Profits of U.S. companies in the S&P 500 index were more resilient than previously thought, given the pace at which the Fed is tightening its QE program.
Key Takeaways from the US Reporting Season
What are the key takeaways from the US reporting season in terms of corporate earnings?
Operating earnings for 3Q23 are 8.5% higher than 3Q21 (when the market was hitting all-time highs) and 43% higher than 3Q19 (at par). In 2023 (over 4 quarters), estimated earnings could be 41% higher than the full year 2019 and 8.8% higher than 2021. This result is twice the official inflation rate, i.e., not bad overall.
For the 4 quarters as a whole, operating earnings per share are at an all-time high:
- Consumer sector (goods and services) thanks to record consumer demand.
- Commercial and industrial companies (corporate and public sector account for the majority of earnings).
- Electricity and utilities.
Growing sectors account for almost a quarter of all market capitalization. The extent to which the gains exceed the previous high is shown in the charts.

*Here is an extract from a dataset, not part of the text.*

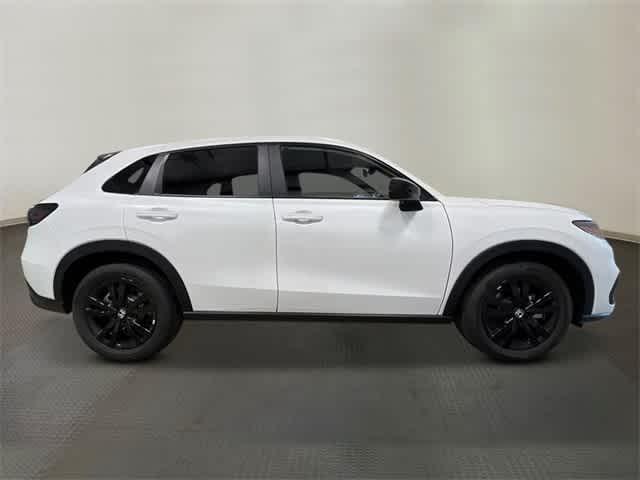new 2026 Honda HR-V car, priced at $31,350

In a consolidation phase with upward momentum:
- IT sector;
- Financial sector;
- Telecommunications sector.
In an earnings contraction phase:
- Commodity companies;
- Healthcare sector;
- Real estate sector.
Conclusion
The strong and weak sectors, their disposition, and the balance of profits relative to 2019 and 2021 are clear, but structural decomposition is not yet possible due to the lack of primary company data.